• **Input data**
_ _ _ _ _ _ _

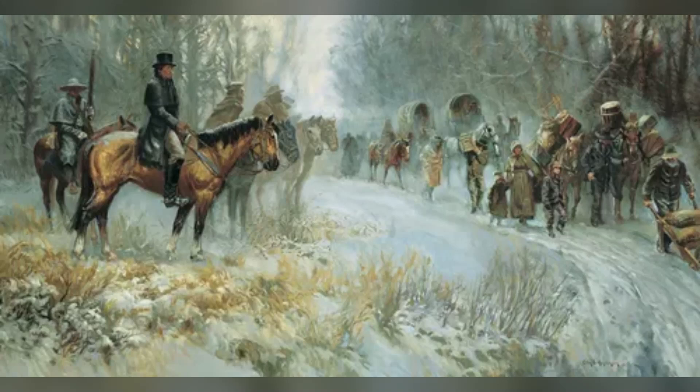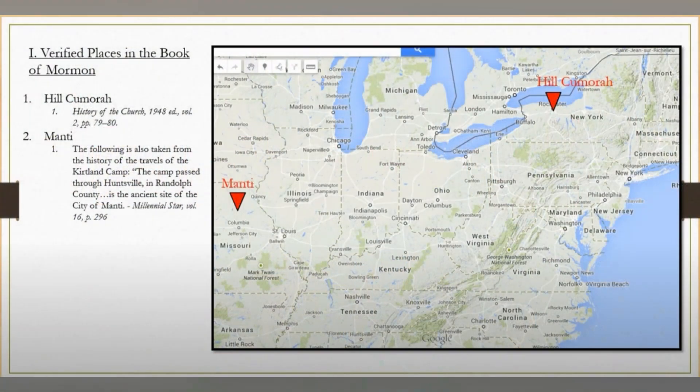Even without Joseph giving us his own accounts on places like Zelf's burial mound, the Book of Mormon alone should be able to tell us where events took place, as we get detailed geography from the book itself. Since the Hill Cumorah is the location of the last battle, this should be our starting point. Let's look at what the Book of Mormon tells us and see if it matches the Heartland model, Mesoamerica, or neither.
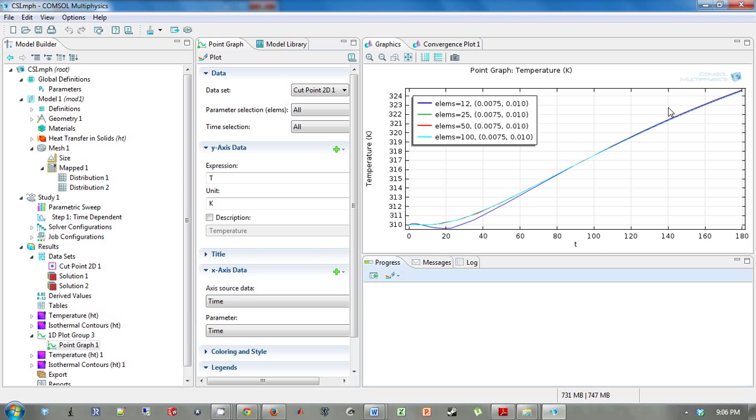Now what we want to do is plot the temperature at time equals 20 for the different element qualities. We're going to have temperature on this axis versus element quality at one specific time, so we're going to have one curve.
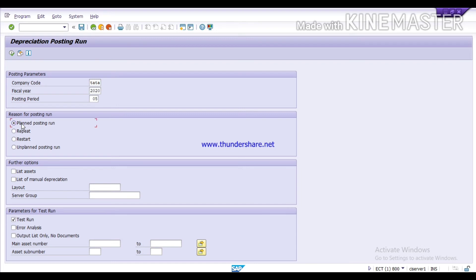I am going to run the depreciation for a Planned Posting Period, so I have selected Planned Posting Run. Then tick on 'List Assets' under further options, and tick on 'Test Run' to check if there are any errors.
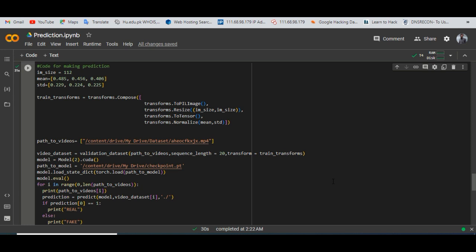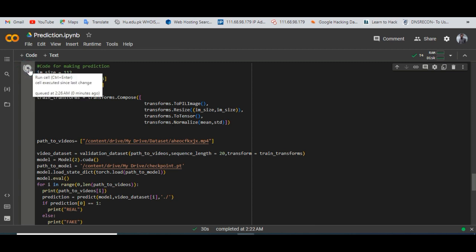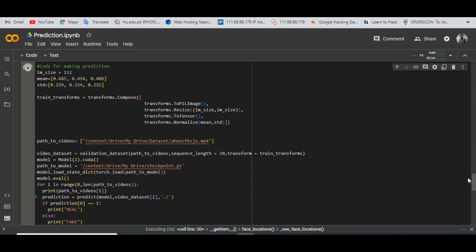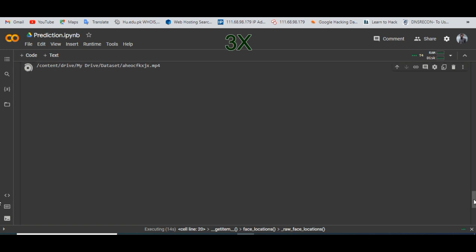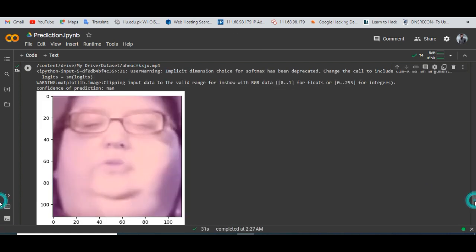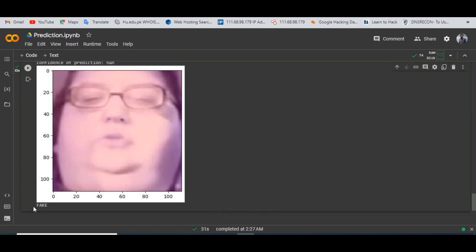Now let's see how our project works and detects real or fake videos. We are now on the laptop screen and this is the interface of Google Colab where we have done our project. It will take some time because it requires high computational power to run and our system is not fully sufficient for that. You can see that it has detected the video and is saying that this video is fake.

_ _ _ _ _ _ _

• **Assignment**
Copy out the data exactly and keep the pictures out.

• **Reply to the exercise**
Even without Joseph giving us his own accounts on places like Zelf's burial mound, the Book of Mormon alone should be able to tell us where events took place, as we get detailed geography from the book itself. Since the Hill Cumorah is the location of the last battle, this should be our starting point. Let's look at what the Book of Mormon tells us and see if it matches the Heartland model, Mesoamerica, or neither.
Now what we want to do is plot the temperature at time equals 20 for the different element qualities. We're going to have temperature on this axis versus element quality at one specific time, so we're going to have one curve.
I am going to run the depreciation for a Planned Posting Period, so I have selected Planned Posting Run. Then tick on 'List Assets' under further options, and tick on 'Test Run' to check if there are any errors.
Now let's see how our project works and detects real or fake videos. We are now on the laptop screen and this is the interface of Google Colab where we have done our project. It will take some time because it requires high computational power to run and our system is not fully sufficient for that. You can see that it has detected the video and is saying that this video is fake.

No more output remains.